Gene Swann Graham | |
Birth Date: | 26 August 1924 |
Birth Place: | Murray, Kentucky |
Occupation: | Journalist |
Nationality: | American |
Education: | Bachelor of Science, 1948 |
Alma Mater: | Murray State College |
Notablework: | --> |
Children: | Susan Marie, Betty Jane, and Philip Gene |
Gene Swann Graham (August 26, 1924 – May 24, 1982) was an American journalist and educator who was associated for many years with the Nashville Tennessean and with the University of Illinois at Urbana–Champaign.[1] He was a co-winner of the Pulitzer Prize for National Reporting in 1962.[2] [3]

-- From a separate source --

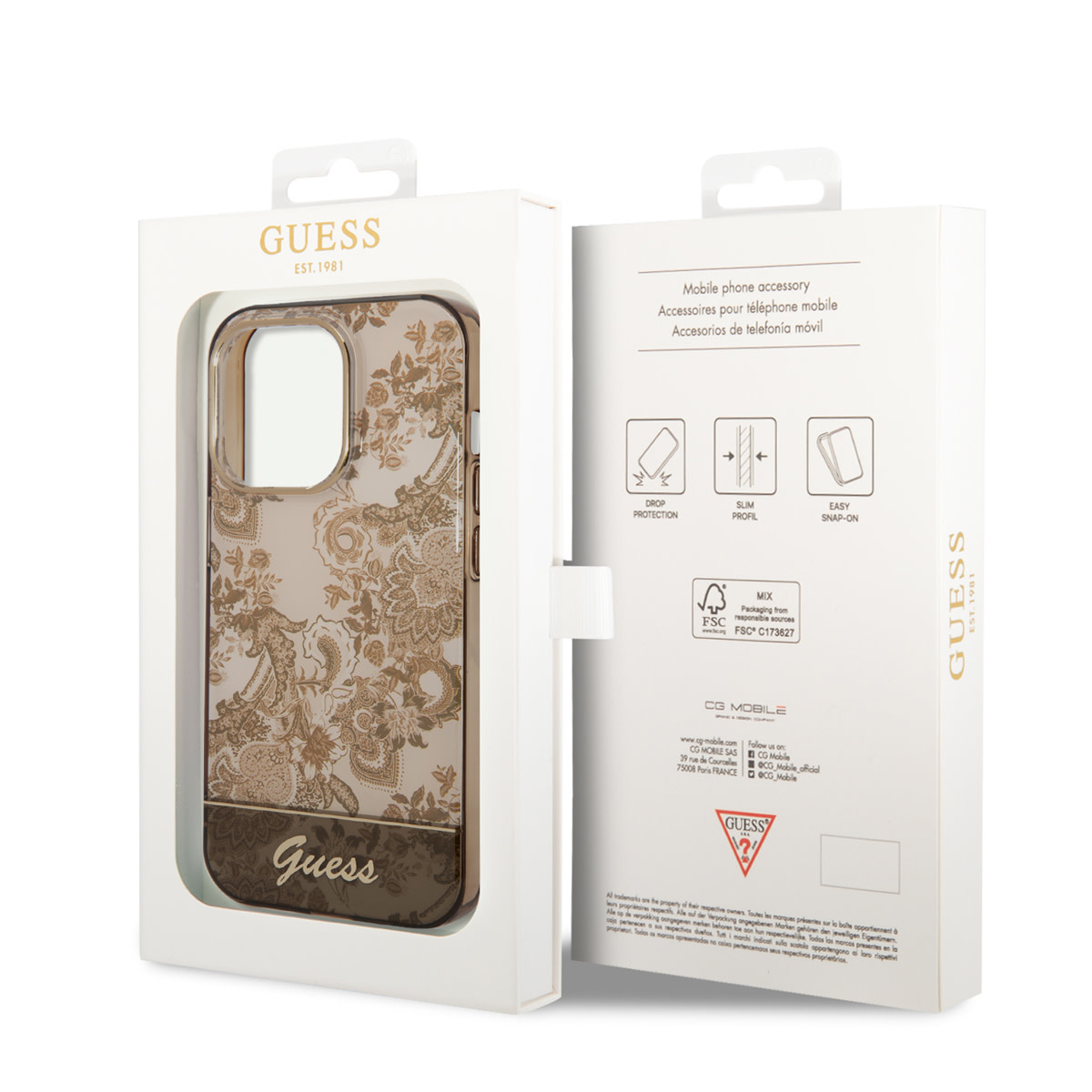 Guess iPhone 14 Pro Hardcase Backcover - Porcelain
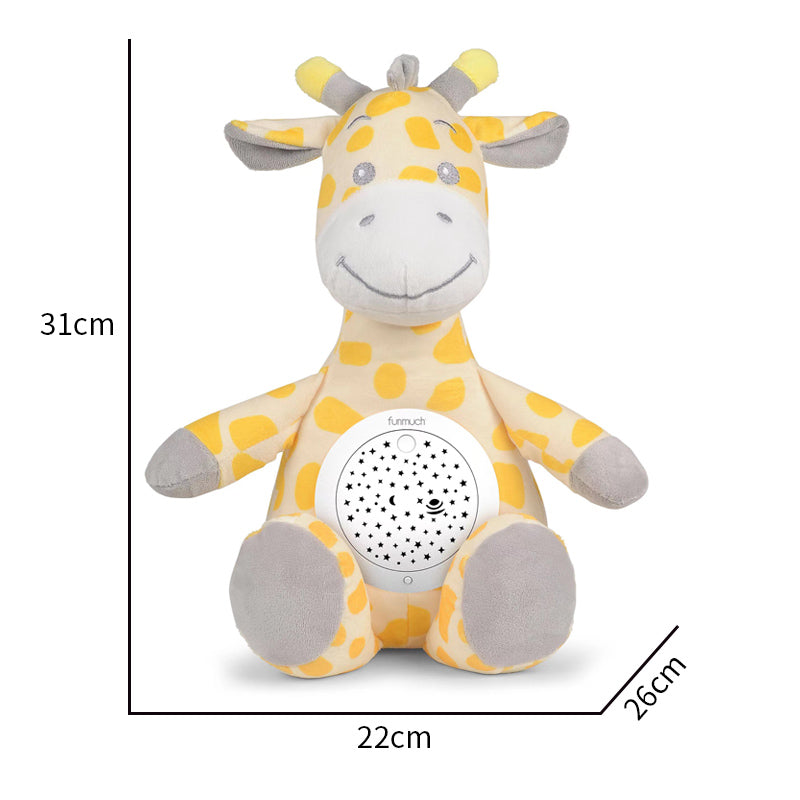 B/O Plush Giraffe With Projection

John Seigenthaler, former publisher of the Tennessean and a founding editorial director of USA Today, described Graham as "a multi-talented journalist, a first rate reporter, a wonderful cartoonist believe it or not, and also a fine editorialist."[4] David Halberstam, a fellow Pulitzer Prize winner and veteran of the Tennessean, called Graham a "great reporter."[5]
Graham was born in Murray, Kentucky. His parents were Carmon McWade Graham and Opal (Swann) Graham. After serving as a pilot in the U.S. Navy from 1943 to 1945, he attended Murray State College, from which he received a B.S. degree in 1948.
After graduating from Murray State, Graham went to work at the Nashville Tennessean, where he reported on city, county, state, and federal government news from 1948 to 1964. He also contributed editorial cartoons, some of which are now in the special collections of the University of Tennessee.[6]
He covered a trial that "marked the first time since Tennessee's Reconstruction that a white man had been found guilty and imprisoned for slaying an African American."[7]
After John F. Kennedy's assassination, Graham wrote in tribute: "He could never hide his humor.... He struggled for a dead pan but couldn't hold it; the devilish twinkle of his eye and the quirk of a mouth tempted to grin betrayed his forthcoming quips…[Now] the devilish eye, the betraying quirk of the mouth are gone. And nothing is funny about their departure."[8]
He was a visiting lecturer at the University of Illinois at Urbana-Champaign from 1964 to 1965, an associate professor of journalism at the same institution from 1965 to 1971, and a full professor there from 1972 to 1975. Gene Gilmore, a colleague of Graham's at Urbana-Champaign, described Graham as "very popular with the students" there and said that Graham had been "awarded instructor of the year honors more than once while there, recognition of his unique ability to relate to his students."
From 1966 to 1970, he was also a training consultant at The Boston Globe. In 1969–70, he was a seminar leader at the American Press Institute at Columbia University and a communications consultant for Middle Tennessee State University, traveling around central Tennessee in an effort to determine whether there as a need for a mass-communications program at MTSU. He concluded that there was such a need, and the program was established.
He retired because of a "struggle with cancer and brain tumors."
He served as press aide to the campaign of U.S. Senator Al Gore in 1969.
His book One Man, One Vote: Baker v. Carr and the American Levellers was published by Little, Brown in 1972.[9] It tells the story of the Supreme Court ruling that affirmed the principle of one-man-one-vote, which, in Graham's view, was "among the most important developments in the world's history of egalitarian ideas." Kirkus Reviews praised Graham's discussion of "people and politics" and his "delineation of the substantive legal issues," and called it "an informative, stimulating book."[10]
On October 11, 1968, he spoke at the University of Illinois at Urbana-Champaign about media coverage during wartime. He attributed what he called "the age of demonstration" to the emotional impact of television news, which he criticized "because facts are often distorted for entertainment value."[11]
In 1962, Graham and a colleague at the Tennessean, Nathan G. Caldwell, shared the Pulitzer Prize for National Reporting for "their exclusive disclosure and six years of detailed reporting, under great difficulties, of the undercover cooperation between management interests in the coal industry and the United Mine Workers." They had worked together for six years on the story, and "exposed a sweetheart deal between John L. Lewis, president of the United Mine Workers, and Cyrus Eaton, the billionaire financier who had major interests in the coal fields." Their articles, published under both journalists' bylines, "exposed how the deal robbed mine workers, many suffering from black lung disease, of their hospitalization,"[12] and led to a federal investigation and to lawsuits in which the union was found guilty of violating anti-trust laws.
Graham was a Nieman Fellow at Harvard University in 1962–63.
He was presented with Murray State's Distinguished Alumni Award in 1962. He was the first person to receive the award, which is still given annually.
Middle Tennessee State University awards the Gene Graham Journalism Award to junior journalism majors.[13]
He married Martha Fentress in 1945. They had three children, Susan Marie, Betty Jane, and Philip Gene. He was a member of the Disciples of Christ.